Mais quoi? Chacun de ces
hommes est-il obligé, individuellement, de faire de l'ouvrage qui est le sien l'objet d'une
contribution publique? Ainsi le cultivateur, d'avoir, tout seul la charge de procurer des aliments à quatre hommes, de
dépenser un temps, une peine quadruples à cette fourniture d'alimentation, et de mettre celle-ci en commun avec
d'autres individus? Ou bien faut-il que, sans se soucier d'eux, ce soit seulement pour lui-même qu'il produise un quart
de cette alimentation dans un quart de temps, tandis que les trois autres, il en passera un à se pourvoir d'un logis,
l'autre d'un vêtement, le troisième de chaussures; et que, au lieu de mettre en commun avec d'autres le fruit de tout
le mal qu'il se donne, il fasse plutôt à lui seul, par ses propres moyens, les choses qui sont siennes? — Eh bien,
Socrate.
peut-être est-ce plus facile de la première façon que celle-ci ? — Nullement invraisemblable, par Zeus,
répliquai-je.
C'est une réflexion en effet que je me fais de mon côté en entendant ta réponse, que premièrement
chacun de nous n'est pas, de sa nature, tout à fait pareil à chaque autre, mais que cette nature, au contraire, l'en
distingue, et
qu'à l'exécution de tâches différentes conviennent des hommes différents.
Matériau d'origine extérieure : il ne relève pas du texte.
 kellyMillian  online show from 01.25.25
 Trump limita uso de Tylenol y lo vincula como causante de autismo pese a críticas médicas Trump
(...) Mais en vérité voici encore, je crois, ce
qui est manifeste : quand de faire une tâche, on a laissé passer le bon moment, pour celle-ci tout est perdu.
(...) En
conséquence de quoi, il y a assurément, en chaque sorte de travail, accroissement et du nombre de produits, et de
leur qualité, et de la facilité d'exécution, quand c'est un seul homme qui exécute une seule tâche, en conformité avec
ses aptitudes naturelles, au moment voulu, s'accordant le loisir d'exécuter les autres.
»
La Pléiade, livre II, 369 sq., p.
914.
La méthode choisie ici est hypothétique et non historique : au lieu de se pencher sur la naissance d'une cité en
particulier, en remontant dans son histoire, l'analyse envisage abstraitement les conditions de la formation sociale.
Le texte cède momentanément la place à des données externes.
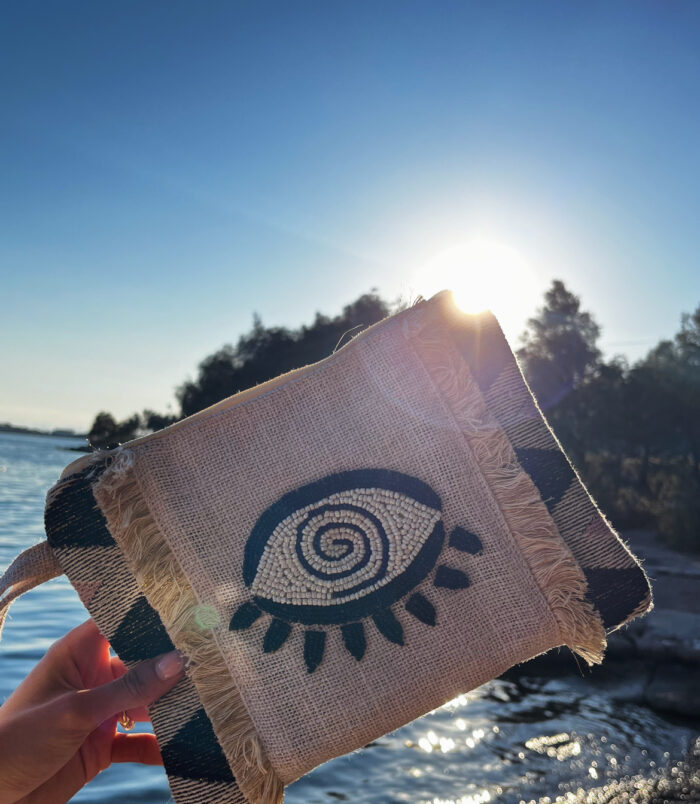 6666BAF9-196B-4D38-AFE2-4BFF0B2A02D1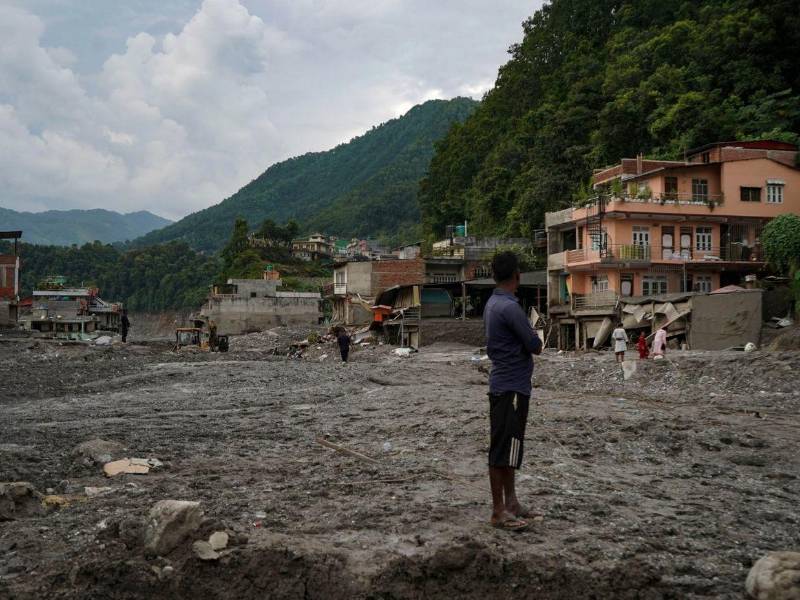 La riada sepultó partes enteras de este pueblo del centro de Nepal bajo varios metros de barro, piedras y escombros, en Devighat ahora se camina sobre ellos donde antes había calles y, en algunos tramos, los tejados de las casas quedan prácticamente a la altura de los pies.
Également loin de toute mythologie, l'analyse considère d'abord ce qu'est l'homme en lui-même, un être de besoins.
L'homme ne peut pas échapper aux nécessités impérieuses que lui impose sa nature; celles-ci ne sont pas constituées
par la conscience qu'il en a, à la différence du désir.
Outre cette dimension essentiellement involontaire, le besoin
semble se caractériser par sa pluralité : on peut avoir un désir ou, mieux encore, une passion, le besoin, en revanche,
n'est jamais singulier; il y a, en effet, autant de besoins que de fonctions du corps.
Ce dernier caractère a une incidence politique : comment concevoir la satisfaction de la pluralité des besoins? Faut-il
envisager une division individuelle des tâches, le même individu divisant son temps en autant de travaux qu'il y a de
types de besoins ou faut-il envisager une division sociale reposant sur la spécialisation?
La deuxième solution, qui suppose une classification des travaux correspondant aux besoins, semble devoir être
retenue.
L'argumentation consiste à réfuter la division individuelle du travail en montrant son impossibilité.
Cette
solution ne serait en effet envisageable qu'à la condition de supposer que chacun puisse accomplir toutes les tâches
qui lui sont nécessaires, ce qui est fort douteux pour deux raisons : tout d'abord, l'inégalité de fait des aptitudes et
des compétences empêche l'autarcie, « chacun de nous, loin de se suffire à lui-même, a au contraire besoin d'un grand
nombre de gens » ; ensuite, le travail ne fixe pas sa règle aux choses, il doit se régler sur elles : le moment favorable
doit être saisi sans délai ; si donc plusieurs tâches doivent être accomplies au même moment, il faut nécessairement
être
plusieurs.
L'égalité n'est donc pas le fondement concret de la société : des individus égaux n'ont rien à attendre les
uns des autres et ne peuvent donc former une société, tout au plus constituent-ils un attroupement.
La société
véritable, la société politique, fondée sur une complémentarité organisée des fonctions en vue du bien commun
suppose interdépendance.
Ainsi peut-on dire que l'individu solitaire n'est au fond qu'une vue de l'esprit, une
abstraction..
»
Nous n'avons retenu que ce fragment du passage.